他人の成功話ではなく、自分の失敗談を語る

最近の若手社員は「失敗談」に興味を示す

 仕事において大事なポイントを教える際に、次のような他人の成功話を用いることがあります。

□斬新な発想力と大胆な行動について論じるために
著名な企業や起業家のスタートアップから成功までのストーリー

□一意専心に物事に取り組む姿勢を論じるために
有名アスリートのトレーニングや試合での勝負の実話

□成果を出すこととそのためのプロセスの重要性を訴えるために
社内の要職に就いている上司がまだ若かった頃のエピソード

 上司である自分の成功話は、若手にとって聞いていてつらい自慢話になりかねないですが、他人の話なら嫌味なく聞いてもらうことができます。

 ただ、他人の話でも持ち出す例がひと昔前、ふた昔前の話は避けたほうがいいでしょう。上司世代からすると10年前の話でも、ついこの前の出来事と受けとめがちですが、若手社員はまだ小中学生だったのでピンとこないのが実際だからです。今をときめく有名アスリートの話であれば何とか共感を得ることもできますが、それ以外の話題は彼らには理解されないことも少なくありません。

 そこで、若手社員に対しては他人の成功話ではなく、自分の失敗談を語ることをおすすめします。これなら自分の体験談なので時代背景や人物に関する予備知識も不要となります。また、自慢話に陥ることもないため、聞き手がつらくなることもありません。

 何より最近の若手社員は、失敗談に対して強い興味を示し、自分の失敗を惜しげもなく披露できる人に信頼感を抱く傾向があります。

失敗談のほうが「人の振り見て我が振り直せ」でリアリティがある

 私自身も若手社員向けの研修で、大きなものから小さなものまで若い頃にやらかした数々の失敗談を紹介します。研修後のアンケートにおいても「講師が自ら失敗談を話したことに驚いた」という声が多く寄せられます。

 たとえば私が30代の頃、ベンチャー企業でシステム営業の管理職をしていたときに、新しいお客様との顔合わせ会議の場所を間違えた話もその1つです。原因は私がメールを最後までしっかり確認しなかったことですが、それは隣のビルや隣町というレベルではなく、なんと東京と大阪を間違えてしまったのです。

 開始30分前に先方から資料についての問い合わせの電話があり間違いに気づいたけれども、30分では大阪に行けません。気づいてすぐに私は東京駅に行き、新幹線に飛び乗って新大阪に向かいました。そして、在来線と地下鉄を乗り継ぎ4時間も遅刻して現地に到着しました。
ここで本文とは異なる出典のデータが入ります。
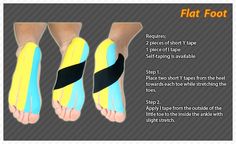 I only use the arch piece of this, and it really helps. The pieces across the bottom of the foot just felt wasteful. Flat Feet Exercises, Foot Exercises, Flat Foot, Sports Therapy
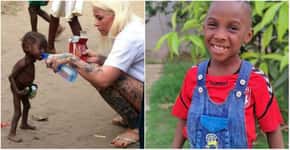 Menino resgatado desnutrido em 2016 na Nigéria está feliz e saudável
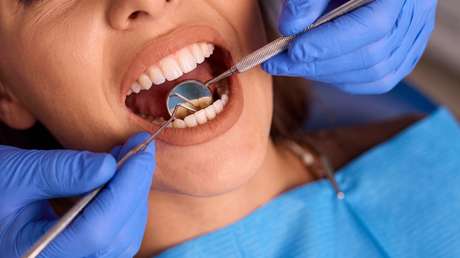 Este alimento cotidiano podría estar dañando tus dientes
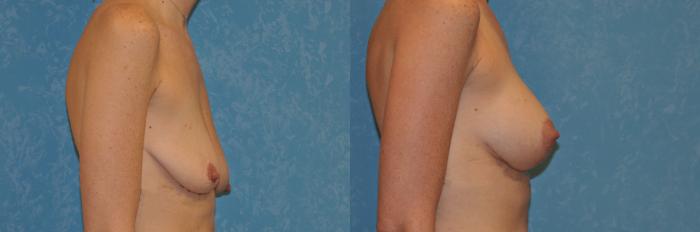 Before & After Breast Lift With Implants Case 471 Right Side View in Toledo, Ohio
 先方は相当あきれていたと思いますが、私はひたすら謝罪し、何とか夕方から会議をはじめていただき、最終的にはその案件を受注することができました。

 この私の失敗から、若手社員に次の四か条を伝えています。

一 たった1行の確認モレから重大な問題を引き起こすことがある
二 だから、いかなる仕事も細心の注意を払って当たらなければならない
三 それでも失敗したときには逃げない、言い訳をしない、できることをやる
四 失敗と向き合えるかどうか、そのときこそ人間性が問われる

 彼らは目を丸くして聞き入っています。そして、私からの四か条を深くうなずきながら熱心にメモを取っています。

 このように上司や先輩も自分の失敗談であれば、時代背景など関係なく若手社員にも共有することができます。何より自分自身の経験ですから、言葉に強い説得力が出てきます。その失敗を通して若手への学びとなります。

 また、若手向けの研修では次のような話も必ず添えます。

 失敗しないように真剣に仕事に取り組まなければなりませんが、人間である以上失敗する可能性は誰にでもあります。100点満点の人間などそう多くはいませんから、おそらくみなさんの上司や先輩も失敗したことがあるはずです。

 成功から学ぶことも多いですが、失敗からも多くのことを学ぶことができます。だから失敗を恐れずに思いきって仕事に挑戦していきましょう。大丈夫です! 私ほど悲惨な失敗をすることはそうそうありませんから。

 この話に若手社員からは「勇気が湧きました!」「明日から挑戦します!」という言葉が多く寄せられます。これも失敗した本人の言葉なので納得感が違うようです。

「失敗を恐れるな!」「思いきってやってみろ!」と日々声をかけるよりも、たった1つの失敗談を語ることのほうが若手社員を動かすこともあるのです。